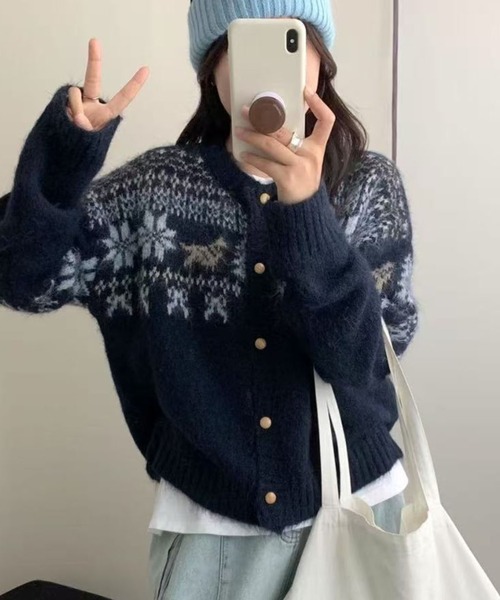Doula Doula（ドゥーラドゥーラ）の「ノルディック柄ニットカーディガン（ニット/セーター・レディース・グレー/ネイビー/ベージュ・FREE）」の4枚目の写真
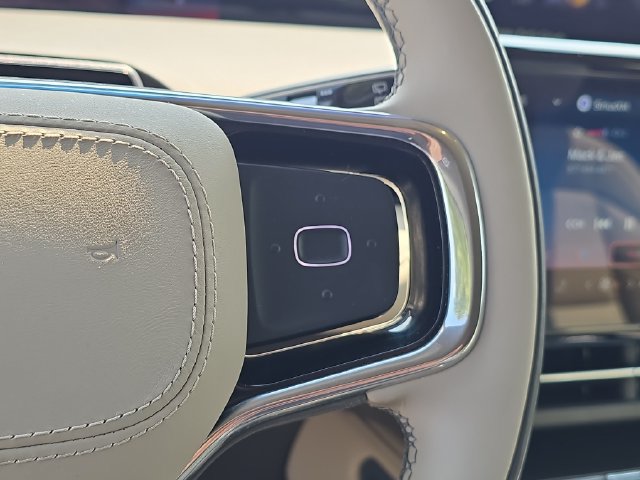 Certified 2024 Lincoln Nautilus Premier AWD/4WD image 12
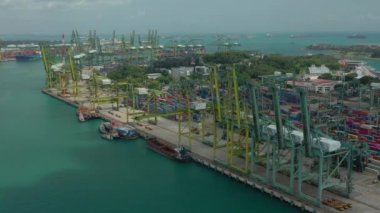 Singapur 'un Sentosa Adası' ndaki ünlü liman limanının hava manzarası. 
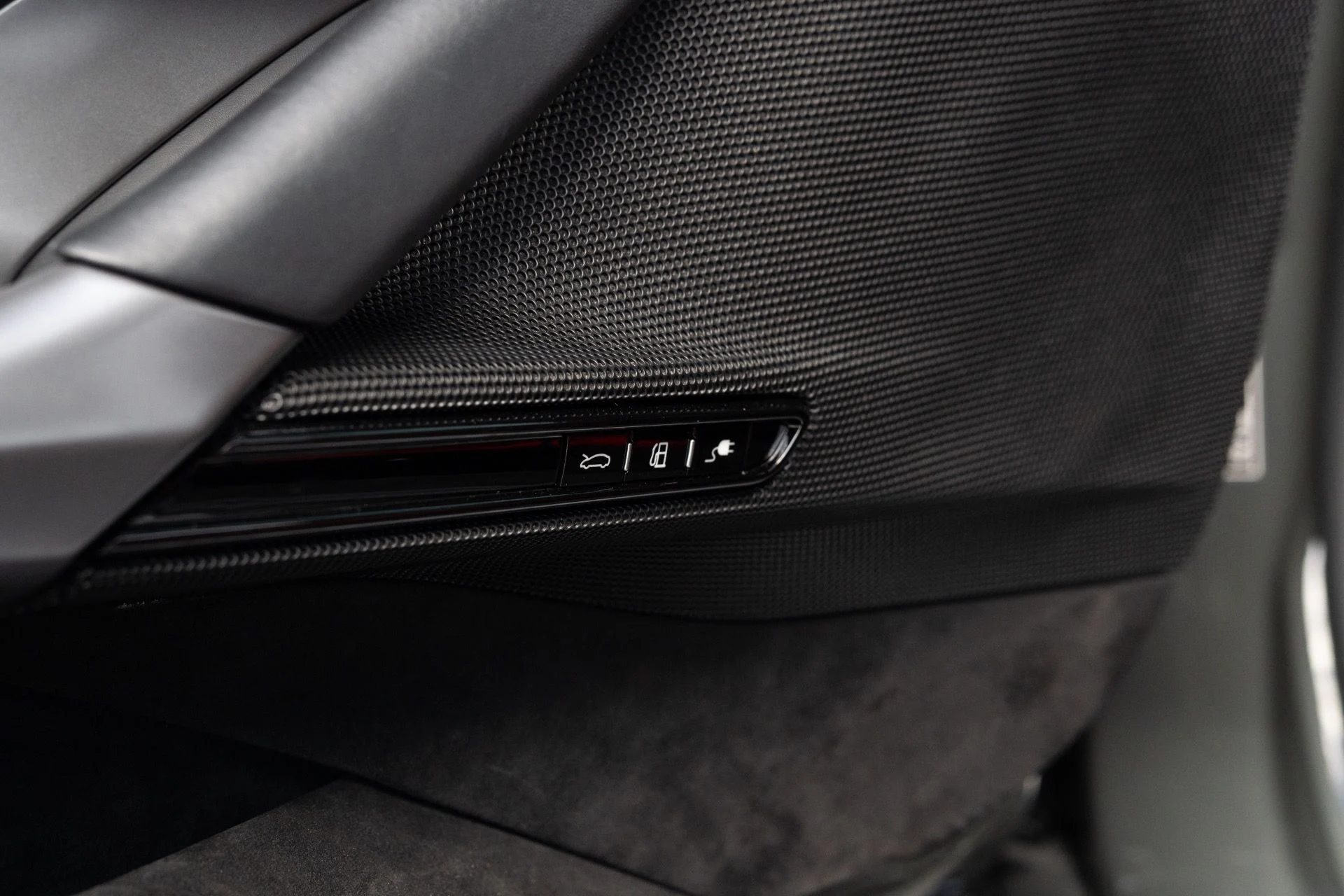 mph040_310049518_Used_2022_Ferrari_SF_90_Stradale_1772648801_3262f6ca64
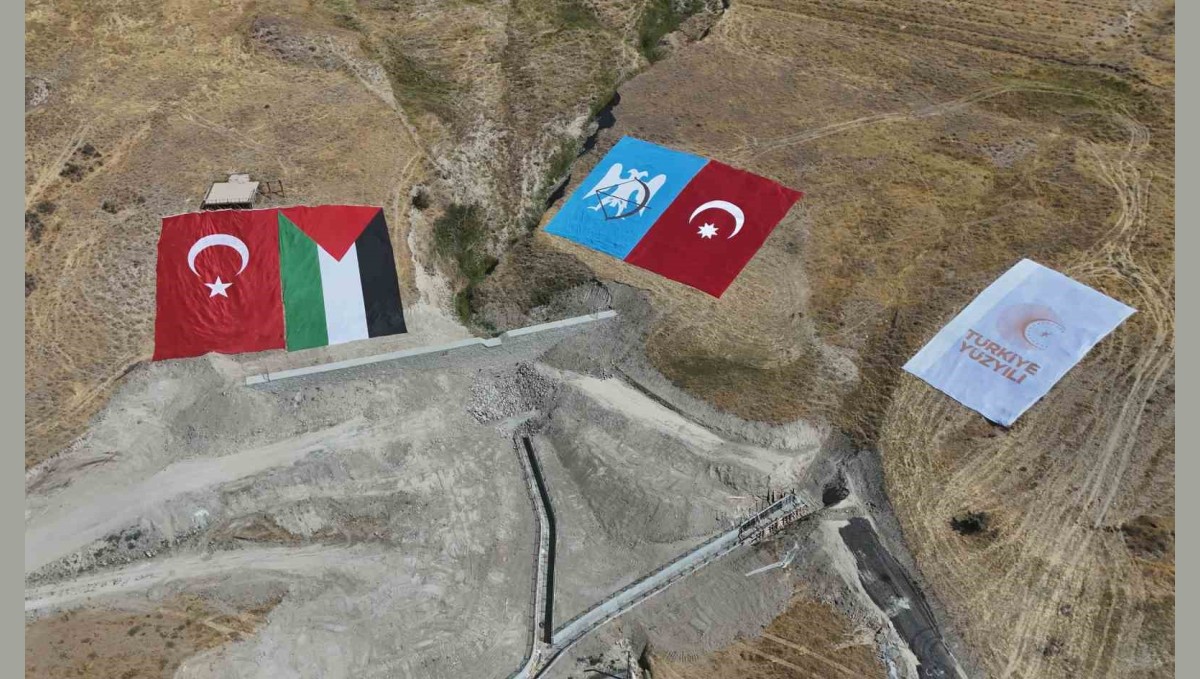 Ahlat'taki etkinlik alanında dev Türk ve Filistin bayrakları açıldı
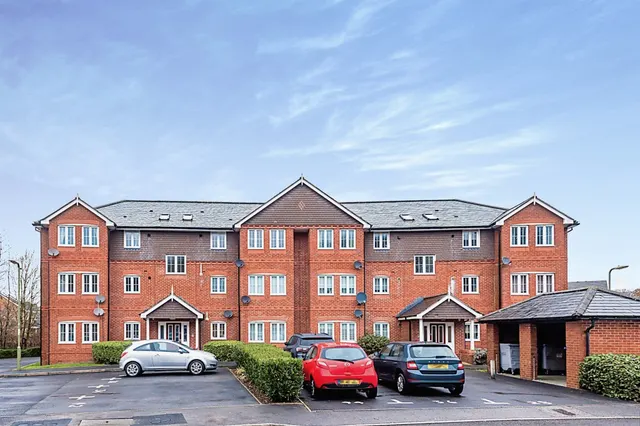 Britannia Drive, Beggarwood, Basingstoke, photo 1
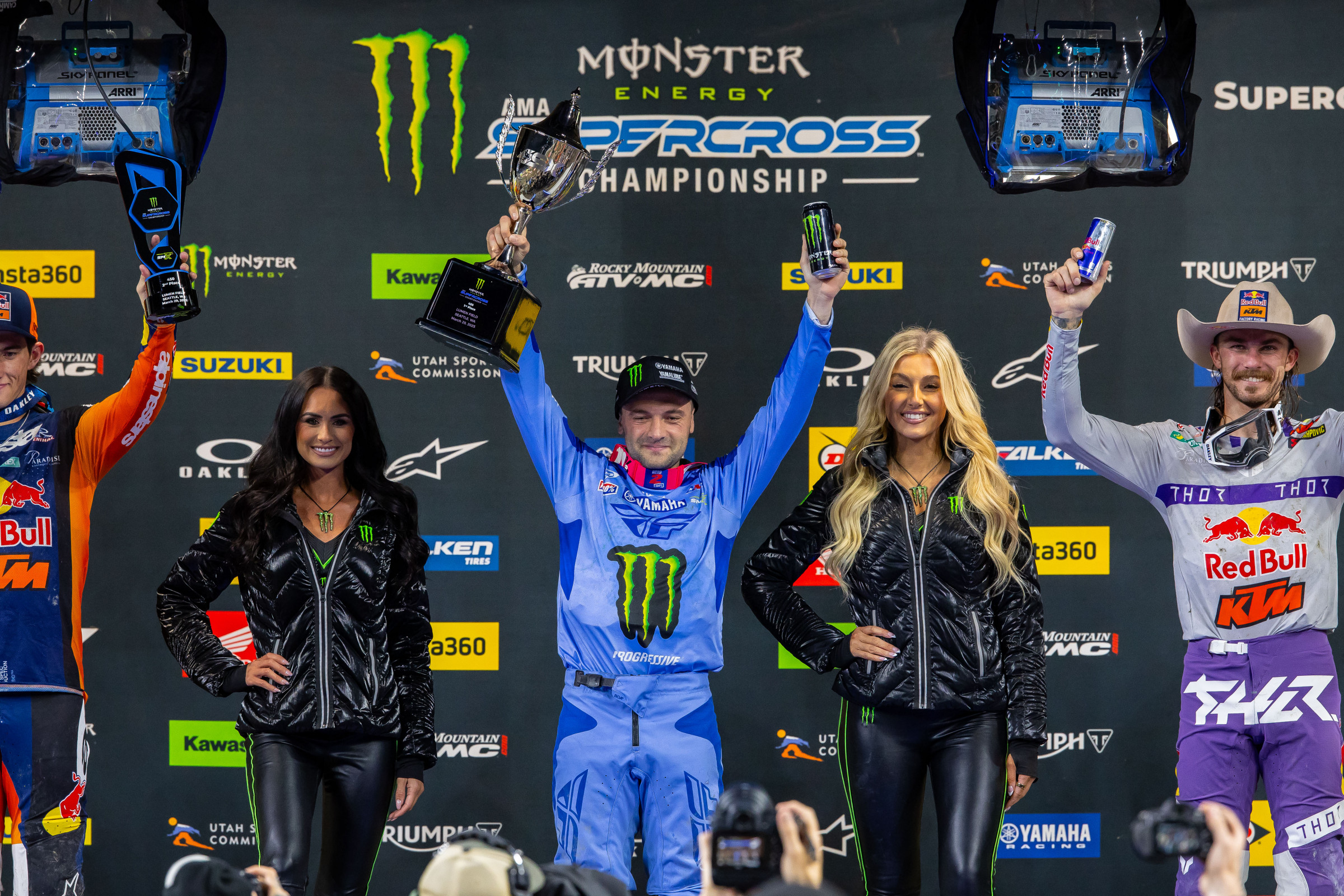 Webb extended his lead to 11 points over Sexton.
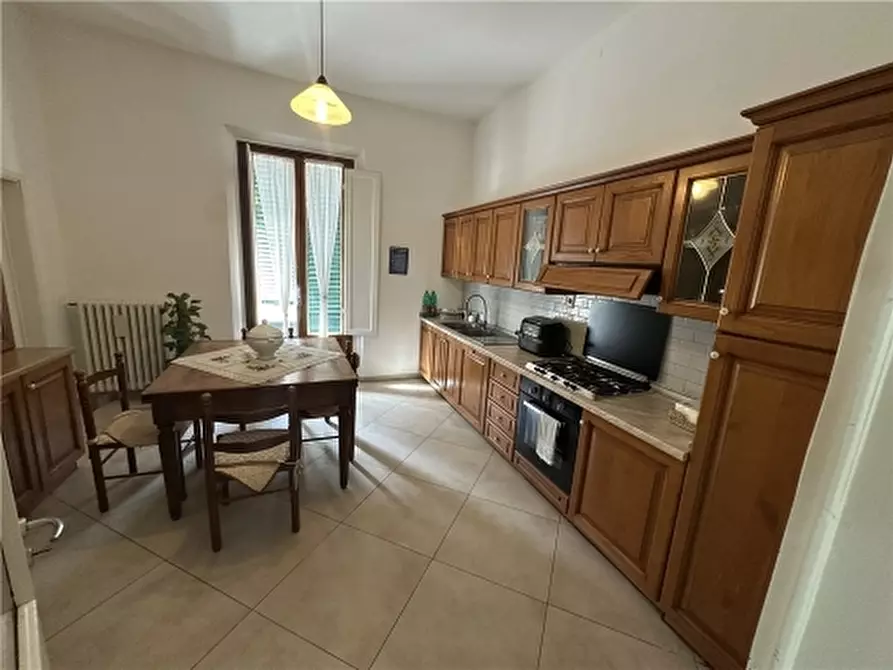 Immagine 3 di Appartamento in vendita  a Lastra A Signa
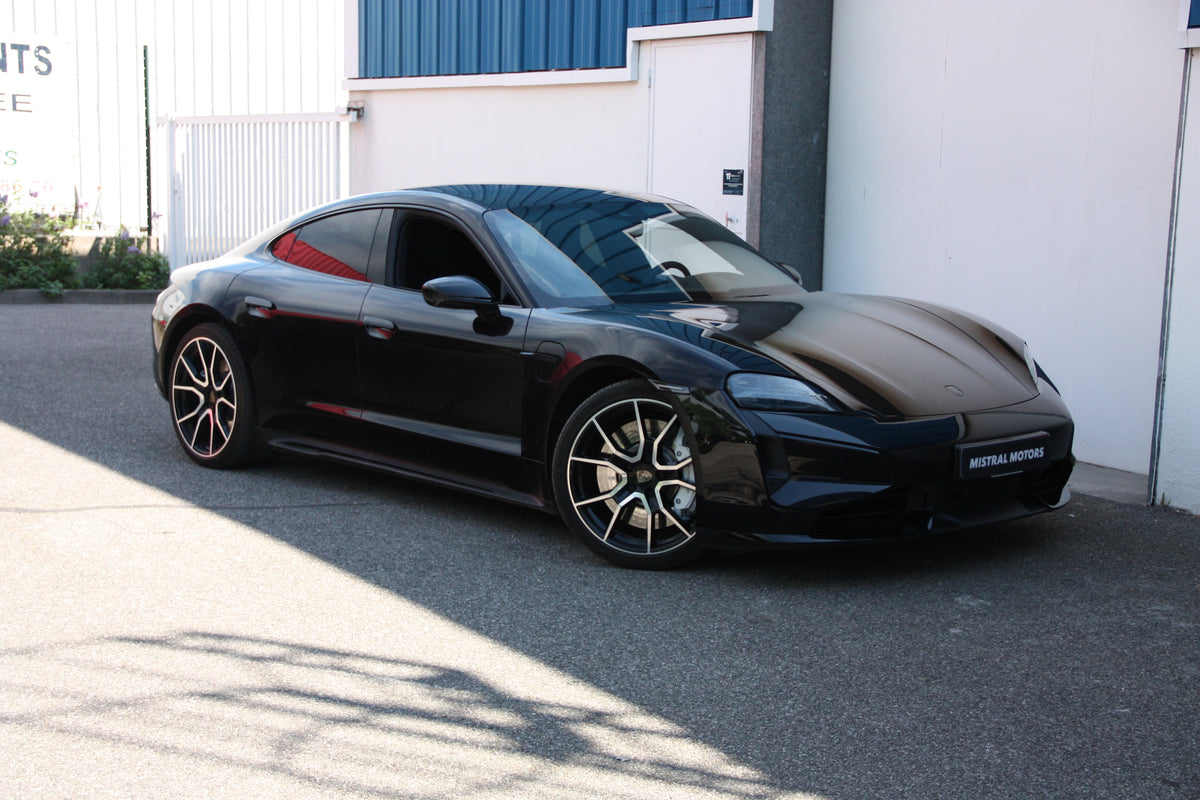 Porsche Taycan Turbo / 13.500km / 129.900€ / 2025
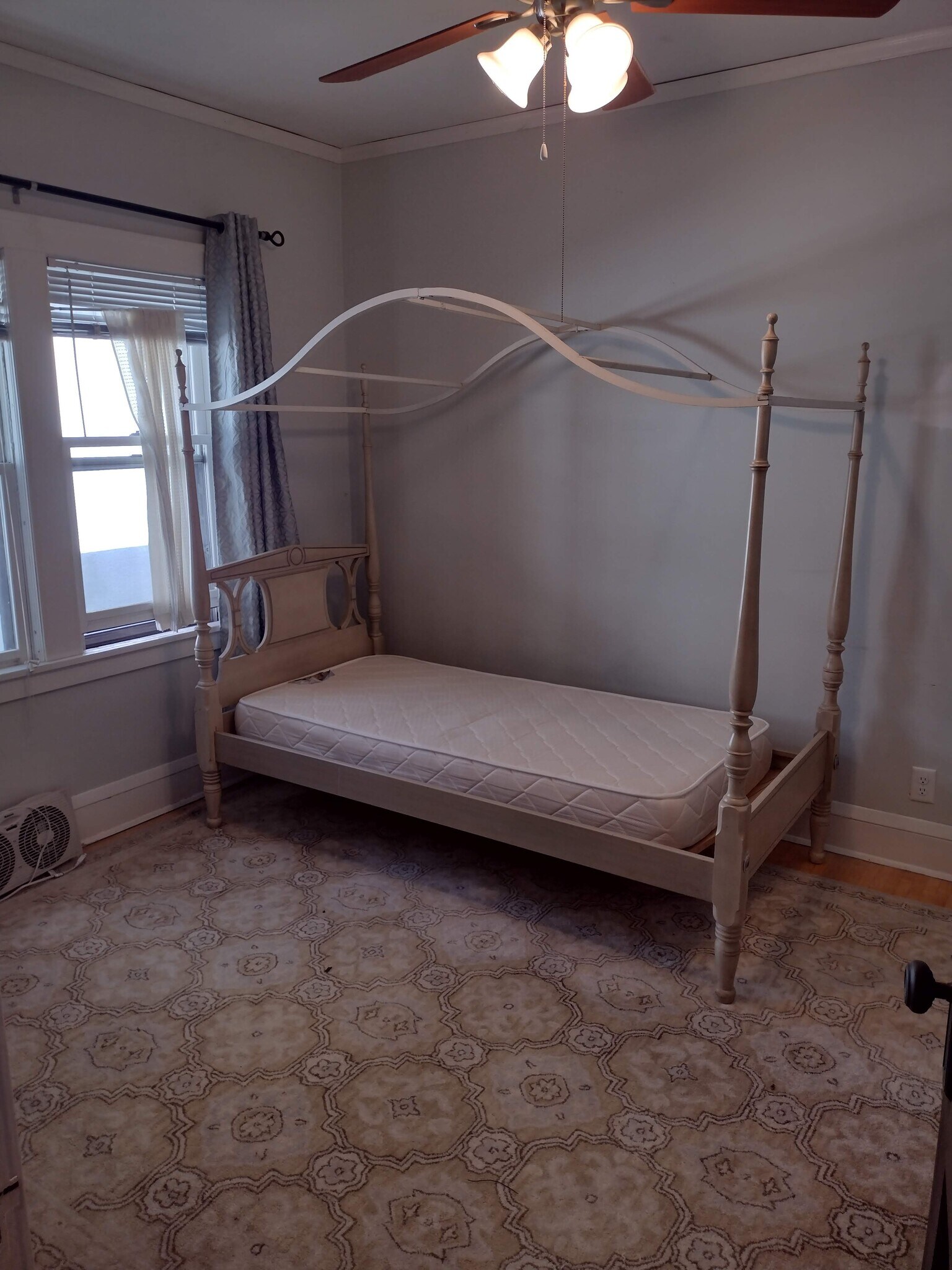 Second bedroom - 1895 Portland Ave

=== What you need to do ===
Return the material verbatim; the images are not to appear in the copy.

=== Response area ===
Doula Doula（ドゥーラドゥーラ）の「ノルディック柄ニットカーディガン（ニット/セーター・レディース・グレー/ネイビー/ベージュ・FREE）」の4枚目の写真
 Certified 2024 Lincoln Nautilus Premier AWD/4WD image 12
 Singapur 'un Sentosa Adası' ndaki ünlü liman limanının hava manzarası. 
 mph040_310049518_Used_2022_Ferrari_SF_90_Stradale_1772648801_3262f6ca64
 Ahlat'taki etkinlik alanında dev Türk ve Filistin bayrakları açıldı
 Britannia Drive, Beggarwood, Basingstoke, photo 1
 Webb extended his lead to 11 points over Sexton.
 Immagine 3 di Appartamento in vendita  a Lastra A Signa
 Porsche Taycan Turbo / 13.500km / 129.900€ / 2025
 Second bedroom - 1895 Portland Ave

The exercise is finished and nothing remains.